The coastal heathland up here is home to a number of interesting species of birds. Look out for buzzards, ravens, stonechats, wheatears.

  1. Turn with the Coast Path along the right-hand fork, travelling on the distinct path downhill to Coddow Combe.

There are extensive remains of mediaeval field systems all over this area, too. In 1086, the Domesday Book showed Countisbury to be a much larger settlement than it is now, the 11th-century population being as many as 75, and the land would have been put to good use in supporting the population.

Along the summit of Foreland Point, however, is a group of four enclosures thought to be prehistoric. Evidence of Mesolithic (Middle Stone Age, 8000–4000 BC) and Neolithic (New Stone Age, 4000–1500 BC) activity has been found all over the moor, including a Mesolithic flint-working site at Hawkcombe (see the Worthy Wood Walk). The Neolithic period marks the start of the change of lifestyle from hunter-gatherers to farmers, so these enclosures may have been among the first fields to have been instated in Britain.

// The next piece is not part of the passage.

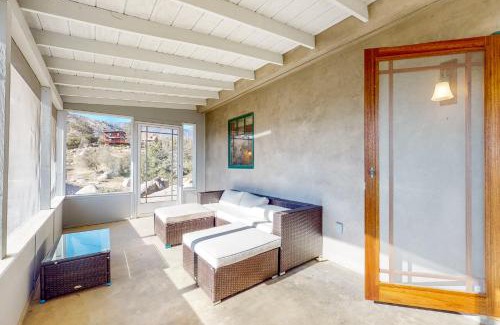 Weldon Casa | California Dreaming in the Mountains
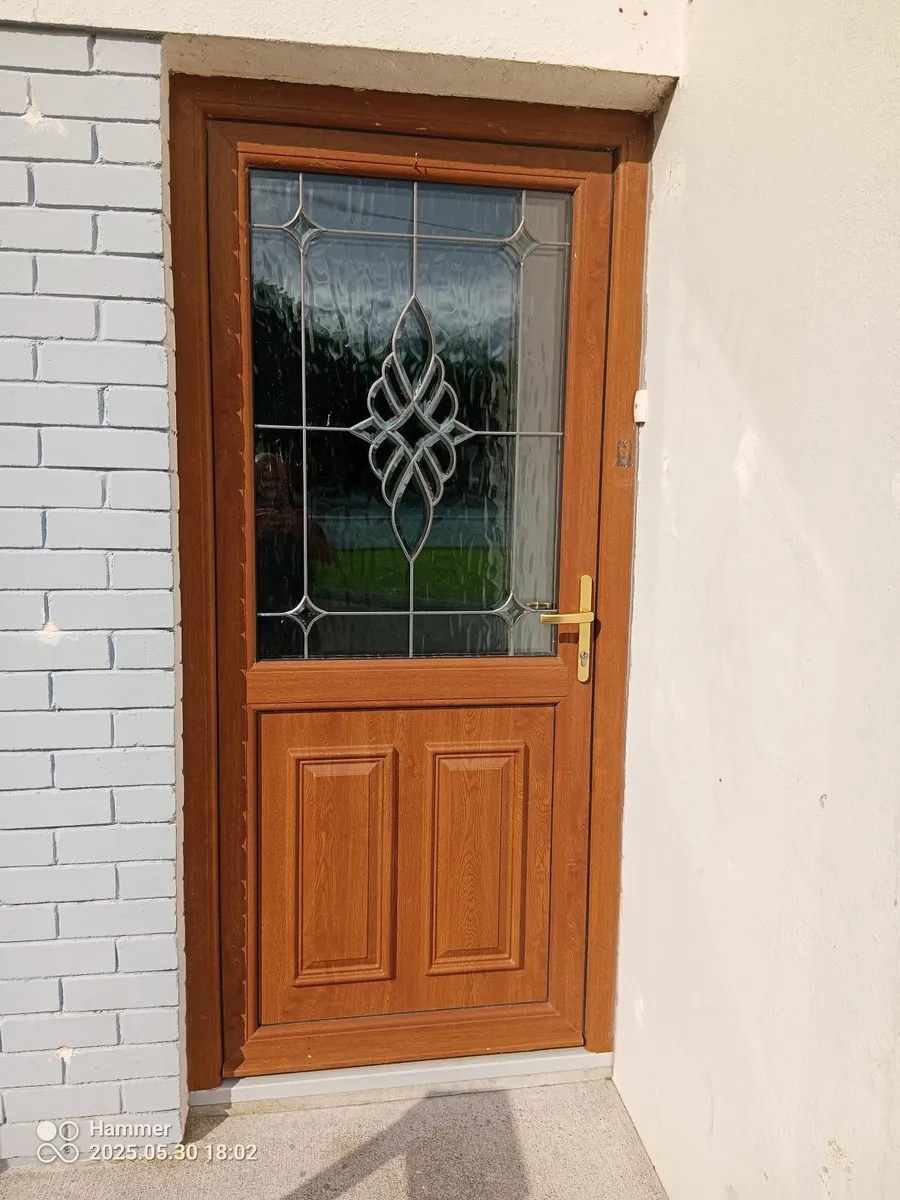Front door externall - Image 1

Elsewhere in the Countisbury area, there are Iron Age monuments (see the Two Cleaves Walk, and the Wester Wood Walk). Along the Coast Path towards Lynmouth, to the south-west of this walk, are the remains of a particularly noteworthy Iron Age hillfort, with massive ramparts extending all the way up Wind Hill (see the Wester Wood Walk). There are plans to develop this further as an important heritage site.

  1. Turn right with the Coast Path onto the road and follow it ass far as the point where it heads off to the left along the path to Kipscombe Combe, but don't turn with it.

The area beyond is Kipscombe Enclosure, while above is Kipscombe Farm, a 17th century farmhouse built on the site of an earlier settlement, suspected to be pre-Conquest, although the earliest written mention of it was in 1249.

    1. Turn sharp right here instead, away from the Coast Path and onto the road which pulls uphill.
    2. Almost at the top, leave the road on a path to the right, signposted Lynmouth 2.

    3. The path heading south-east here, carrying on along the wall to your left, will lead to the Bronze Age bowl barrow mentioned above, just before you reach the wall at the far end if you wish to take a detour this far to see it. Otherwise, unless you want to detour to the trig point at the top of the hill for the spectacular views out across the Bristol Channel and down the coast, turn right from the track onto the path and follow it around Barna Barrow, ignoring the two tracks leading downhill to your right.
    4. After another 300 yards or so, take the next track to the left, and follow it back to the start of the walk in the car park. 

Public transport

There are no bus services. Local taxis can be used.

Parking

The postcode takes you to Countisbury-look for the National Trust sign - Barna Barrow.